Reference inputs and reference scripts
Two Vasil-era features let transactions share data without contention:
- Reference inputs (CIP-31): read a UTXO without consuming it. Many transactions can reference the same oracle or config UTXO in the same block. This is the canonical fix for read-only contention.
- Reference scripts (CIP-33): store a script in a UTXO and reference it, instead of embedding the full script in every transaction, cutting size and fees.
Inputs (consumed): UTXO_A (Alice's payment)
Reference inputs (read): UTXO_Oracle (price feed), UTXO_Script (reference script)
Outputs: result computed from the oracle data
The transaction lifecycle
- Construct the body: select inputs, define outputs, set validity, attach metadata.
- Balance: pick UTXOs to cover outputs + fee, add a change output, iterate until it balances (coin selection).
- Sign: hash the body and sign with the relevant private keys; the signatures become witnesses.
- Submit to a node (directly or via a provider like Blockfrost/Koios). It validates: inputs unspent? witnesses match? fee sufficient? validity satisfied? outputs meet min-UTXO? scripts pass? If so, it enters the mempool.

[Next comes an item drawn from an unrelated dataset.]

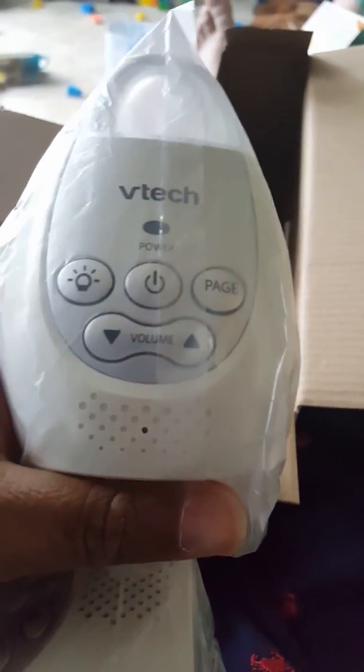Let me see the front and back of it. This is probably the base, the main one that you put next to your baby. It's not too big. Yeah, it says 'baby unit' on the back right there. Here's the charger for the baby unit.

- Block inclusion: a slot leader includes it in a block and propagates it.
- Confirmation: confidence grows with each subsequent block.
Once a transaction passes submission validation and enters the mempool, it is guaranteed to be included (until its validity interval passes). There is no Ethereum-style "reverted but you still paid" for phase-1 failures, if it was valid when submitted, it is valid when included.
Latency vs finality
- Latency: time to appear in a block (~20s average block time).
- Finality: time to become practically irreversible. Depends on network conditions and your risk tolerance; most applications treat 6-20 confirmations as strong finality, high-value transfers wait longer.
Serialization (CBOR)
At the lowest level, transactions are binary data encoded with CBOR (Concise Binary Object Representation, like a binary JSON). Cardano defines the exact structure with CDDL per era; any deviation is rejected. CBOR is compact (smaller transactions, lower fees) and has canonical encoding rules so the same logical transaction always hashes the same way. The transaction hash (its unique ID) is the Blake2b-256 hash of the serialized body (not the witnesses), so you can compute the ID before signing.
You rarely touch raw CBOR, libraries (Evolution, Mesh, cardano-cli) handle it, but understanding it helps when debugging, since explorers show processed data rather than the bytes nodes validate.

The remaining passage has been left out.